» **What to produce**
Quote each line of the material verbatim, without the pictures.

» **Available data**
BEGIN
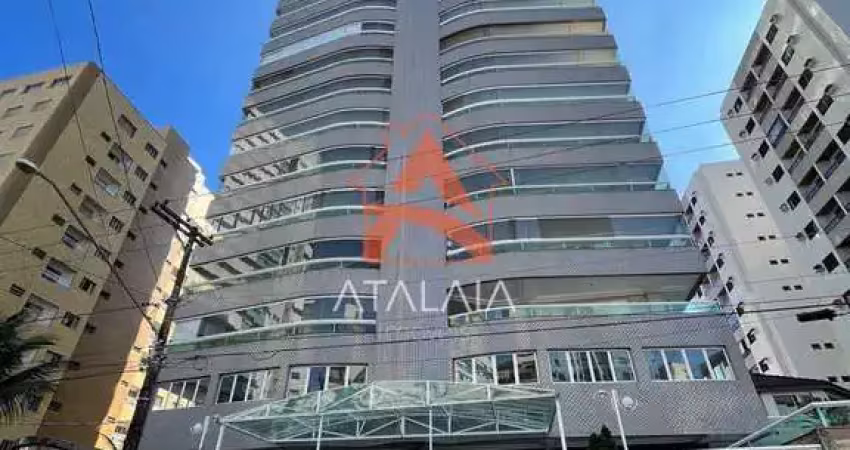 Apartamento com 3 dorms, tupi, praia grande - r$ 750 mil, cod: 871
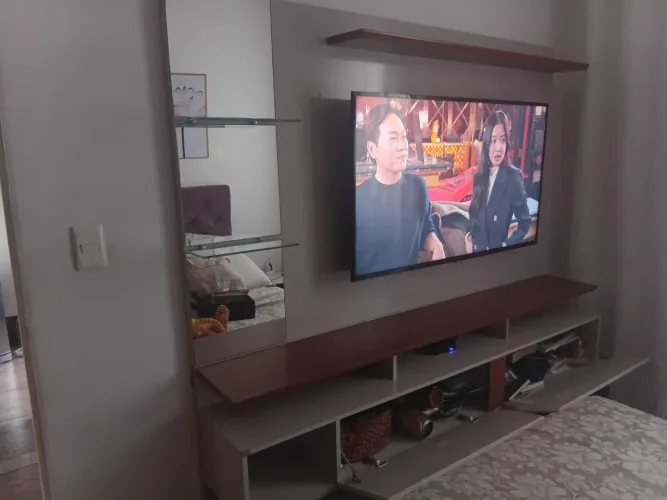 Painel de TV sala 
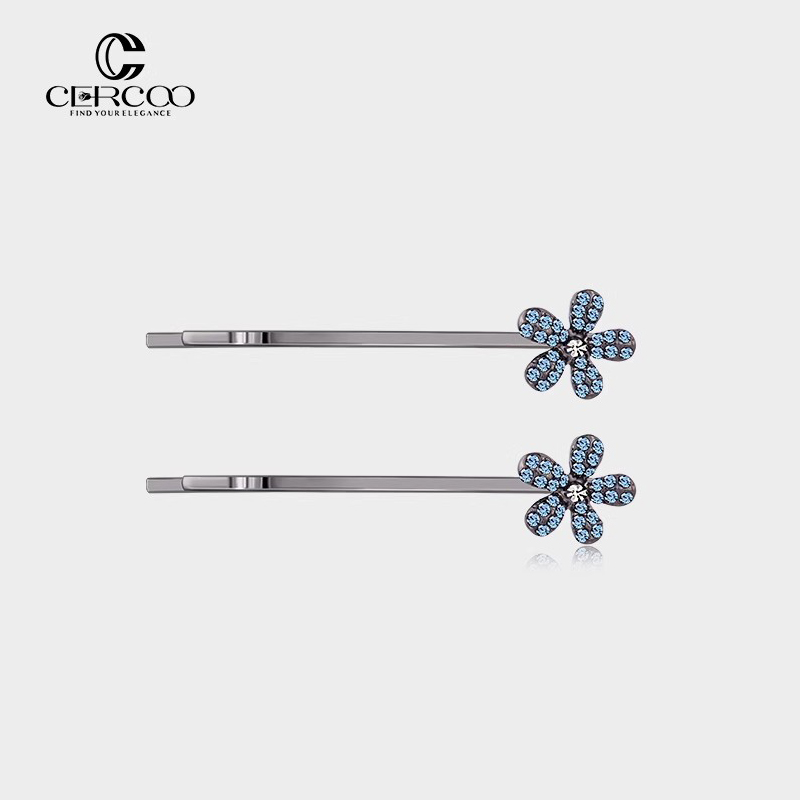 对夹一字夹小号刘海夹边夹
END
» **Answer to this problem**
 Apartamento com 3 dorms, tupi, praia grande - r$ 750 mil, cod: 871
 Painel de TV sala 
 对夹一字夹小号刘海夹边夹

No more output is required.